As described in the introduction, the fact that equilibrium prices are increasing in the auctioneer’s announced valuation can be understood in terms of the aforementioned linkage principle.Footnote 5 Although not derived in the context of the above model, the reasoning can be understood as follows. In a nutshell, the linkage principle states that if an auctioneer is able to credibly commit to any information revelation policy, he can do no better than to truthfully reveal all available information to the bidders prior to the auction. This principle holds for several auction formats such as English, second price, first price and others. In consequence, if the auctioneer’s estimate increases, the bidders believe the auctioned object to be of greater value and thus rationally increase their bids. In this way, the linkage principle yields exactly the relationship between estimates and equilibrium prices identified in the data by Mei and Moses (2005).Footnote 6

Last, the English auction format has been assumed in the above analysis for expositional simplicity and because the data analyzed by Mei and Moses (2005) was generated by English auctions. The results would continue to hold for the second price auction as well as for the first price auction under the additional assumption that signals are independent across periods.

4 Discussion

In this paper, we revisit recent empirical research on auctioneer estimates and their reported adverse effects on bidder returns. We argue that elementary results in auction theory yield predictions consistent with such empirical findings, thus casting doubt on the validity of the claim that buyers are fooled by the information provided by interested sellers. In contrast, we believe that the empirical findings can serve as an indirect test of some of the basic tenets of auction theory, among them the notion that bidders are fully rational and cannot be misled in equilibrium.

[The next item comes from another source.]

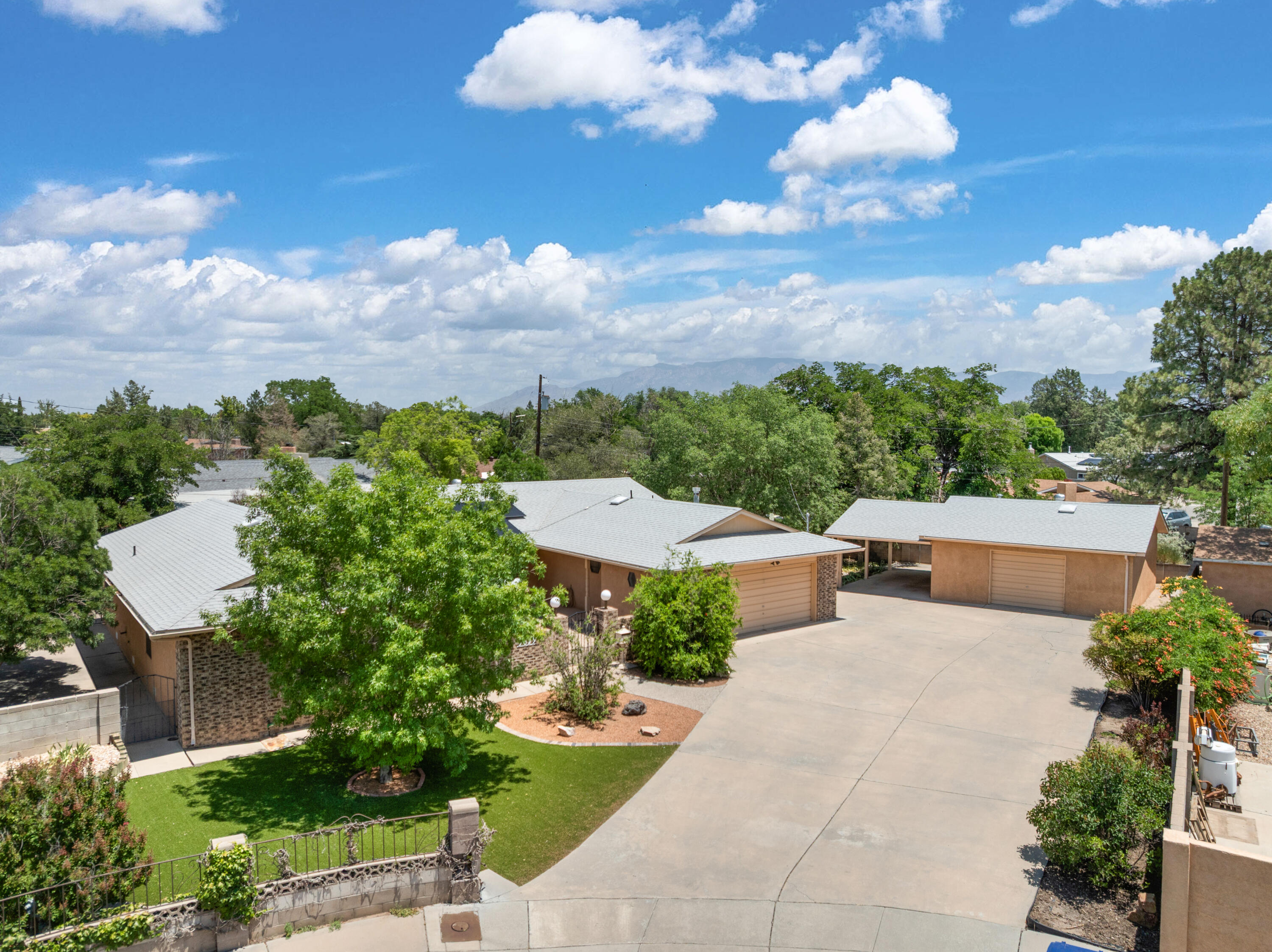 Custom Ranch Style brick home with an extra garage/workshop and a carport on a cul-de-sac.  Over 2370 sf of quality living. Formal living room, family room that opens to a large kitchen with bar and dining area. Huge service/craft room. Primary bedroom with large 3/4 bath and closets, 2nd bedroom, and a 3rd  bedroom with built in cabinetry.  This home sits beautifully on the large lot. Private courtyard entry, fabulous yard, perfect for entertaining and low upkeep. Solar is paid for, refrigerated air, radiant baseboard heat. This home is very special and a great place for you to call home!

The interesting question of buyer credulity remains valid though. The difficulty in showing buyer gullibility is that the signs of the price changes that could potentially show that bidders are misled are, as we have shown, the same as those predicted by a model of fully rational agents. This means that it is insufficient to look at the signs of price changes and that the magnitude of these should be more closely studied. In conclusion, evidence of bidder credulity should be provided by showing that the price reactions to publicly announced auctioneer price estimates are significantly over and above the levels predicted by the assumption of rational behavior. Empirically implementing such a study would be interesting and is left for future research.

Our analysis also carries lessons for markets for other assets than fine art, as nothing in our model is particular to the art market.